If I accept your premise about Wisdom being how aware one is to a the desires of the subjective "Divine Us" (and I don't) how then would a higher wisdom contribute in game terms to the building of cairns, the bombing of planes, etc... are intelligence and wisdon necessarily at odds in your world? Given this, would Descartes have a high WIS and INT? Would an atheist, should such a person exist in the 16th century, have a low wisdom?

Alexis said...

All good questions.

Counter-Intuitive: "And what is truth? Is truth unchanging law? We both have truths. Are mine the same as yours?" - Pontius Pilate, Jesus Christ Superstar. It is only feels irrational because it IS irrational from the point of view of someone who has been trained to look at the question from all sides.

I am not certain that a higher wisdom is the right effect...but I would guess it would be defined in a greater sense of us vs. them as made clear by the religious leader: if you've been to a really orthodox church, you should have a clear idea of what I mean. The argument doesn't have to make sense - once you define wisdom as "awareness" and not "certainty" - because there can never be certainty, only faith - than your liberal sensibilities can start to fall away.

Things done in the name of the church are only 'dangerous' to others. If we murder and destroy, it is RIGHT and not wrong; it is again your liberal sensibilities that tell you murder is wrong. Most of history accorded wrongness to murder if you murdered an Us. Murdering a Them was encouraged. Murdering THEM was 'good' by definition.

Yes, without question, in a world where gods actually existed, a higher wisdom would equate to a very faithful acceptance in the god's purposes. Torquemada would have had a very high wisdom. And yes, conversely, in a world where gods actually existed, an athiest would be a congenital idiot, wouldn't he? Keeping in mind, for most of history, this was understood to be unquestionably true.

In game terms, since the god tends to leave clerics 'on their own' so to speak, nudging them now and then if the clerics aren't acting in accordance with the god's wishes, then the value of building a cairn, slaughtering 'bad people,' etc., is pretty much left in your hands. You are there to interpret, as a cleric, what the god's wishes are, made slightly easier by the fact that gods tend not to really care if there are no large effects in your actions. My world having a population above 200 million, it is hard for you to have a large effect. To guide you, there are the books and myths and ideas that exist in the actual world, and your interpretations of those are thus measured against my interpretations of those ... like any other player/DM interaction.

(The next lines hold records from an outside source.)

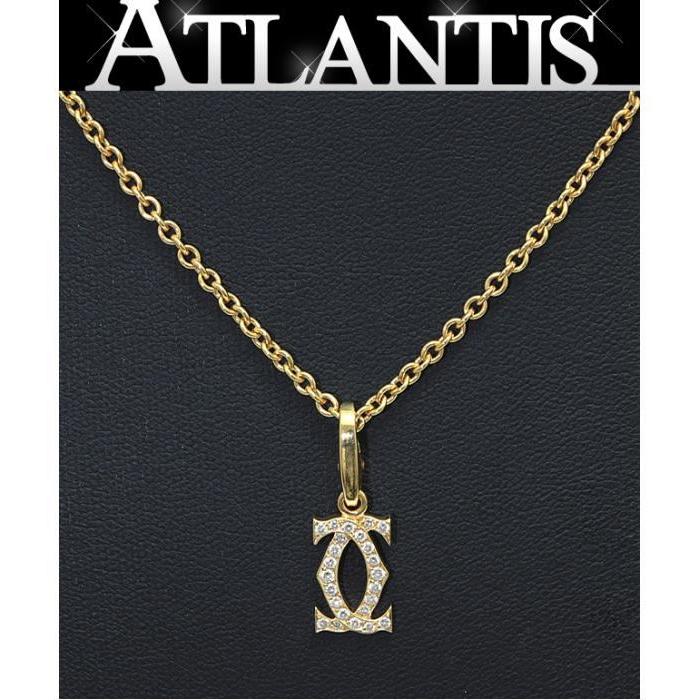 カルティエ Cartier 2Cダイヤネックレス 750 YG 【62074】 : atlantis
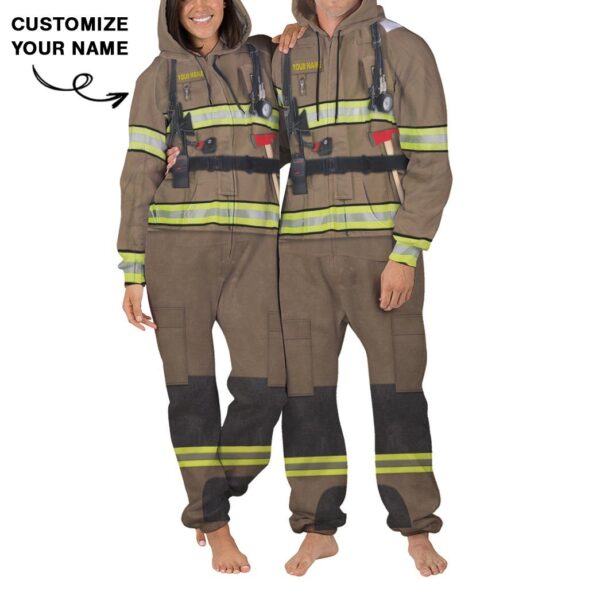 Gearhuman 3D Cosplay Firefighter Custom Name Jumpsuit GV17023 Jumpsuit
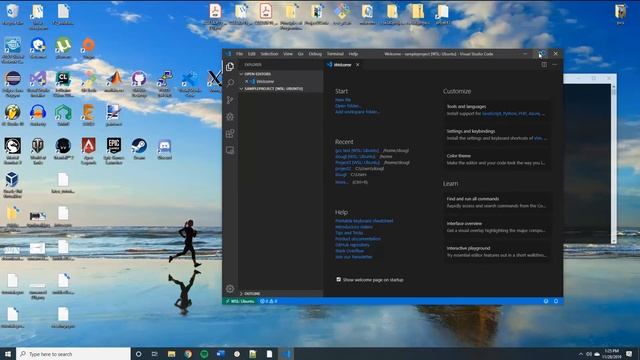 Debugging C in Visual Studio Code on Windows WSL смотреть онлайн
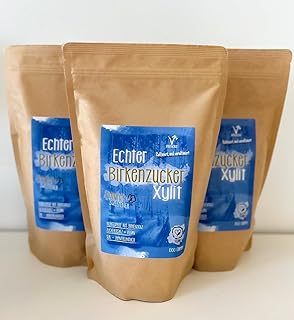 Kräuterladen Echter Birkenzucker Xylit, natürlicher Zuckerersatz ohne Mais aus Finnland (1 x 2500 g)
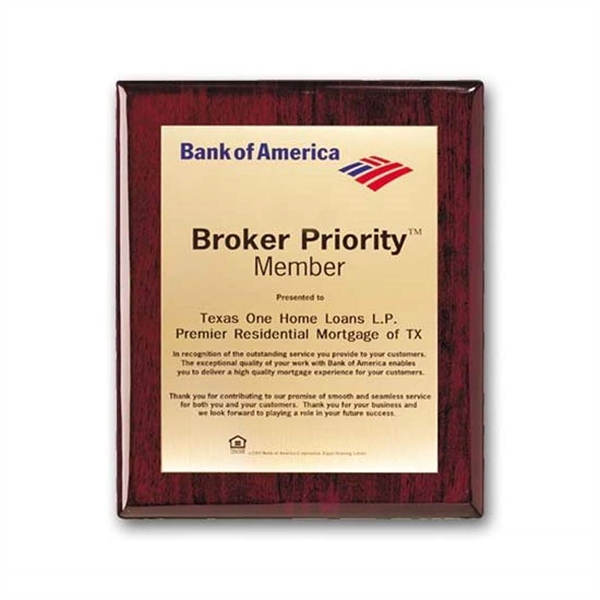 Screenprint your artwork in vibrant color on a brass plate mounted... from ASI 84592 St Regis Group / R S Owens & Co Inc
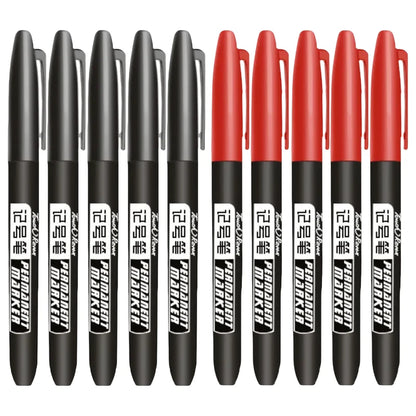 1-20Pcs Permanent Marker Pen Drawing Markers Oil-Based Waterproof Black Blue Red Ink Sketch Pens Stationery Art School Supplies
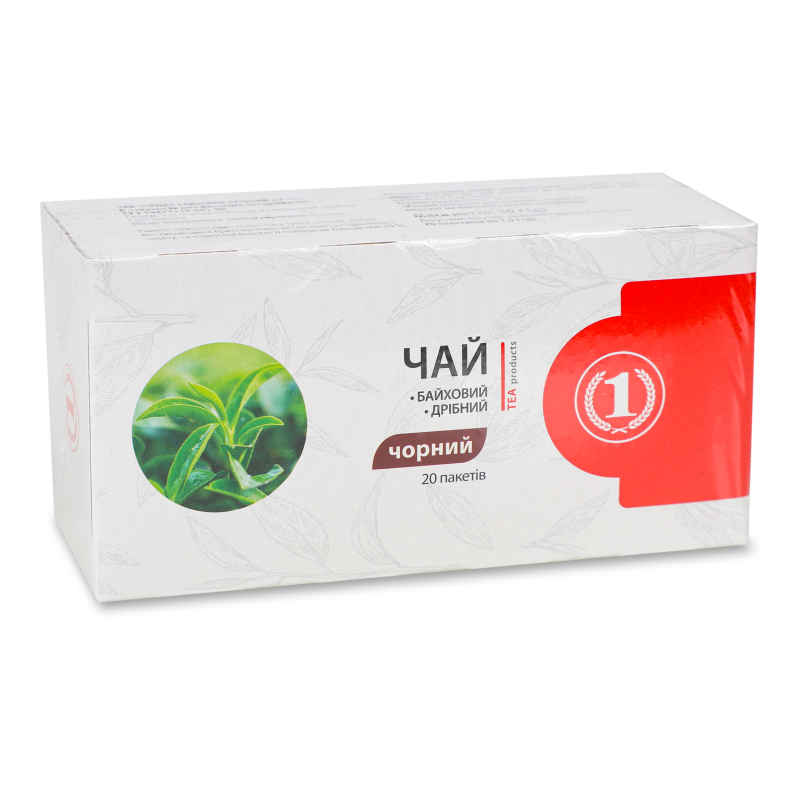 Чай чорний байховий купажований дрібний 20*1,5г ТМ “1”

It is your world to play in. Your cleric should have the ability to sway believers in directions your cleric thinks are right. And because you are a cleric, you are (again by definition) right. This is why I constantly point out that the cleric is really a very dangerous character class. You're the one person in the party that NPC's like upon sight ... as long as the NPC's don't belong to some other religion.

And yes, Descartes would have had a high intelligence and wisdom. And they would have been at odds with each other. This is quite evident from the meditations.

James C. said...

It provokes thought(if not wisdom) as the best posts here often do. I'll certainly be considering Wisdom more closely than in the past. Both as a player in your game and the DM of mine.

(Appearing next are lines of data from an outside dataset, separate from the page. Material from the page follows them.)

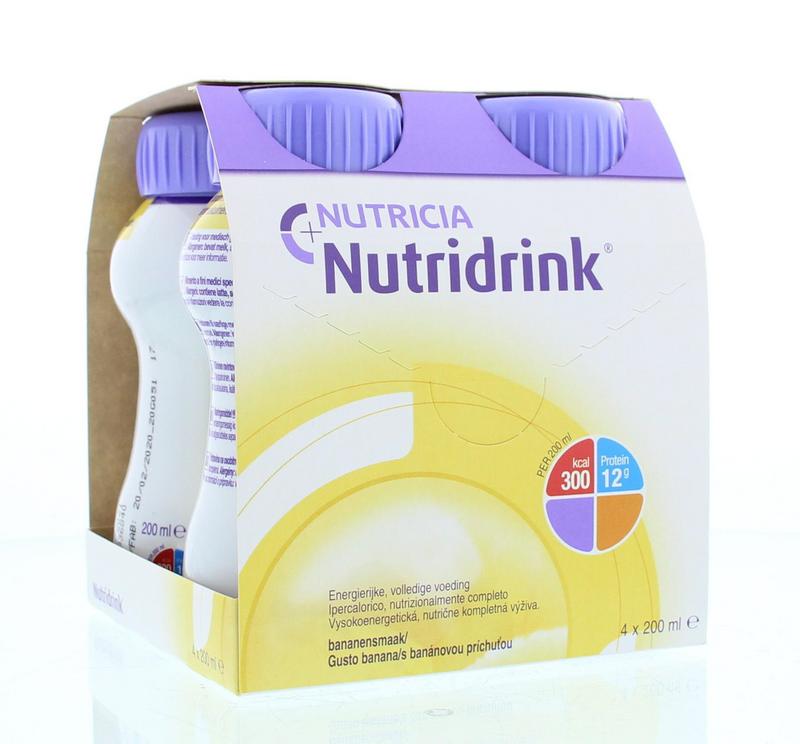 Nutridrink Banaan 4 x 200ml 1 Stuks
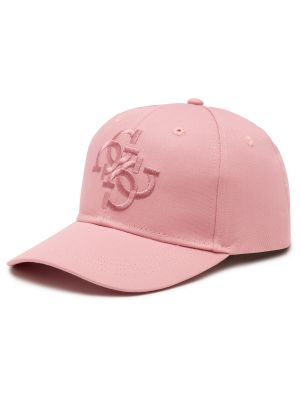 Kepurė su snapeliu Guess rožinė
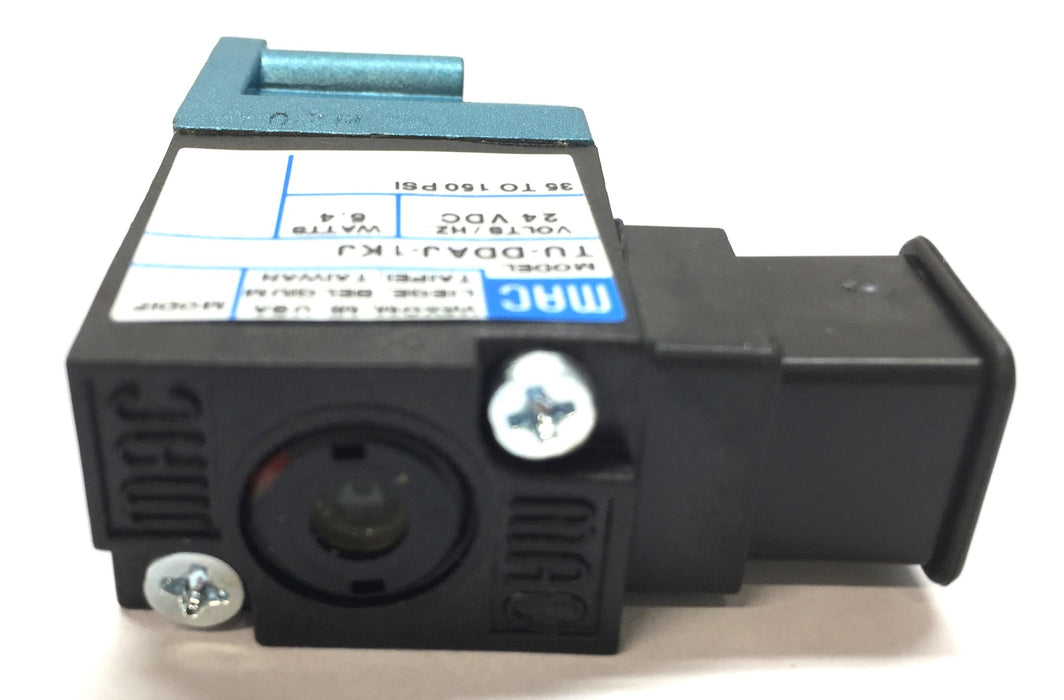 MAC 24VDC Solenoid Valve TU-DDAJ-1KJ (TUDDAJ1KJ) NOS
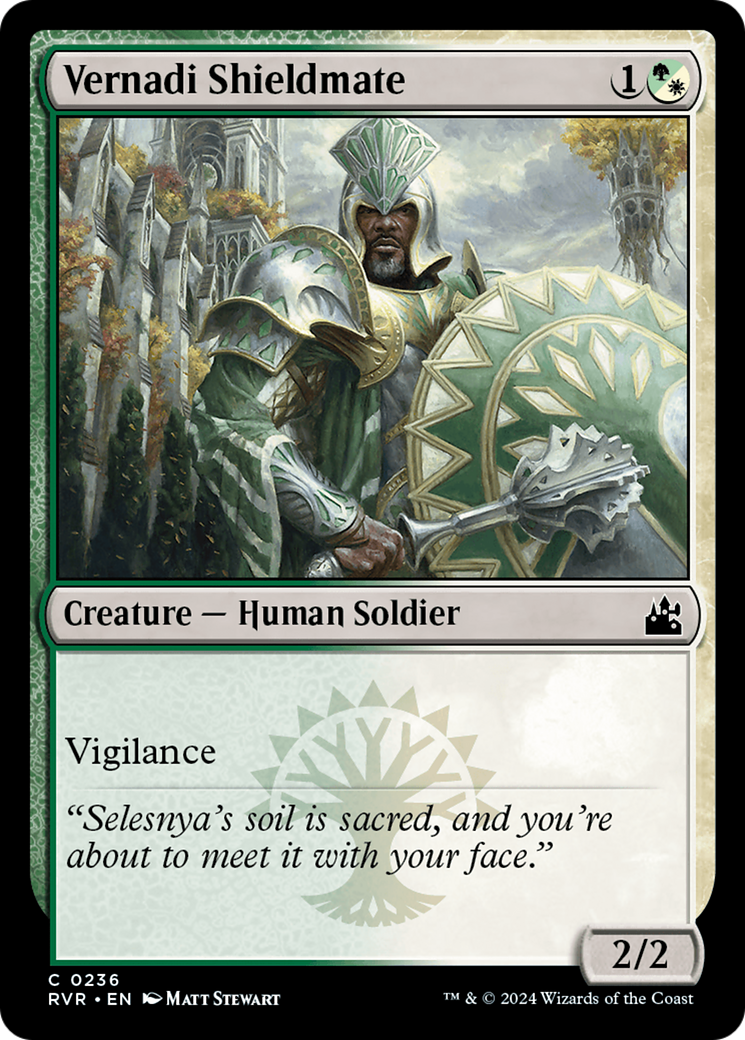 Vernadi Shieldmate (236) [Ravnica Remastered] foil - Deck Out Gaming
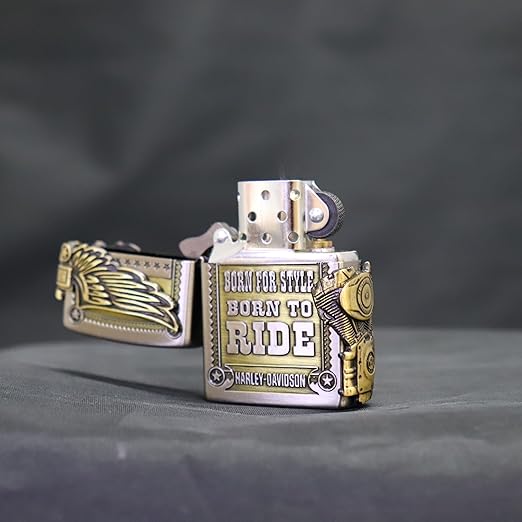 BORN TO RIDE Zippo Lighter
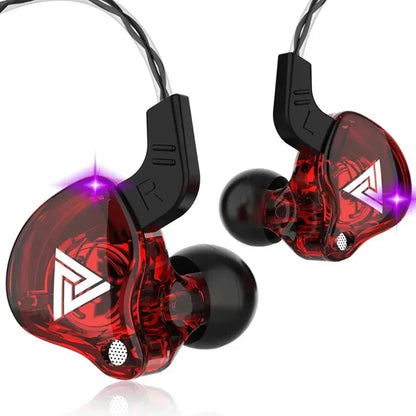 Fone de Ouvido Retorno de Palco In-Ear QKZ AK6 – Driver Dinâmico de 10mm, Cabo TPE com Microfone e Conexão P2 de 3.5mm para Monitoramento e Uso Diário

In my game, Wisdom does account for an awareness to reality. More specifically, how perceptive a character will be. How well a character may hear a noise or see at a distance or feel a change in air temperature or the light brush of a slight wind are all determined in some part by Wisdom when I run the game. I have never considered success at any of these actions particularly holy. If I were to come around to your side of thinking it would change aspects of my game somewhat.

Alexis said...

I have also used wisdom as perception or peripheral detection. But why else would you notice that than because your god told you to? As in, "Thank god I saw that thing before it saw me!"

James C. said...

Ahhh! As I put it to paper, so to speak, I knew what your response would be. So the atheist is not simply myopic, but nearly or wholly blind!

Oddbit said...

Wonderful to see your definition of a core statistic. Makes me wonder what your definitions of the others are. The borders of their domain as it were and if they conflict with other opinions.

Eric said...

So how does this all work from the gods' end? Specifically, the Reformation has created many new Christian churches. Are they all actually worshipping the one same god, or are they each worshipping a different god? If the former, what about the various Jewish sects- is it all JHWH all the way down for them too?

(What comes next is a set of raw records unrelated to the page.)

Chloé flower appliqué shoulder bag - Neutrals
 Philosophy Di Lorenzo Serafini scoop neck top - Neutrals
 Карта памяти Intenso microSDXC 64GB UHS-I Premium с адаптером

"in a world where gods actually existed, an athiest would be a congenital idiot"

I think you'd end up with more syncretists- "clearly a lot of gods exist, I'll just try to stay on all their good sides and not piss any of them off too much" and a very few people going "there must be something behind all this, if there are so many gods whose priests all furiously profess that this is the One True Faith..."

Alexis said...


A good DM knows there are some things that should never be truly explained to the players; some conditions of the game that are for only the DM to know.

This is one of them.

Arduin said...

Kudos on this post, Wisdom had always been a stat that perplexed myself, being one of those things I was inclined to (appropriately now) take on faith.

In other news, nice to notice the link to XKCD here now. Always a gas.

Brady said...

Oh come on! I just made a post about the exact same thing!

(Of course, I didn't go through all the philosophy that you went over. I just suggested changing the name.)

Roger the GS said...

In a world where god(s) exist, it makes sense that Wisdom gives the ability to perceive, hence call upon, their influence and servitors - fitting also for Wisdom as perception in general.

Satchmo said...


Than what does intelligence cover?

I know, I know, this is an extremely old question, but if Alexis can define wisdom, perhaps he will enlighten us with his definition of intelligence.

If wisdom is the statistic that allows one to perceive the Gods (and also the world they created) as they actually are, is intelligence the ability to comprehend this information?

You can see what a shoggoth is by a perception (governed by wisdom) roll- a large proto-plasmic being seemingly made out of spheres, tentacles and eyes. You can understand what a shoggoth is by making a history (governed by intelligence) roll- the slave builders of an ancient empire of elder things millions of years old by the time humanity took its first steps.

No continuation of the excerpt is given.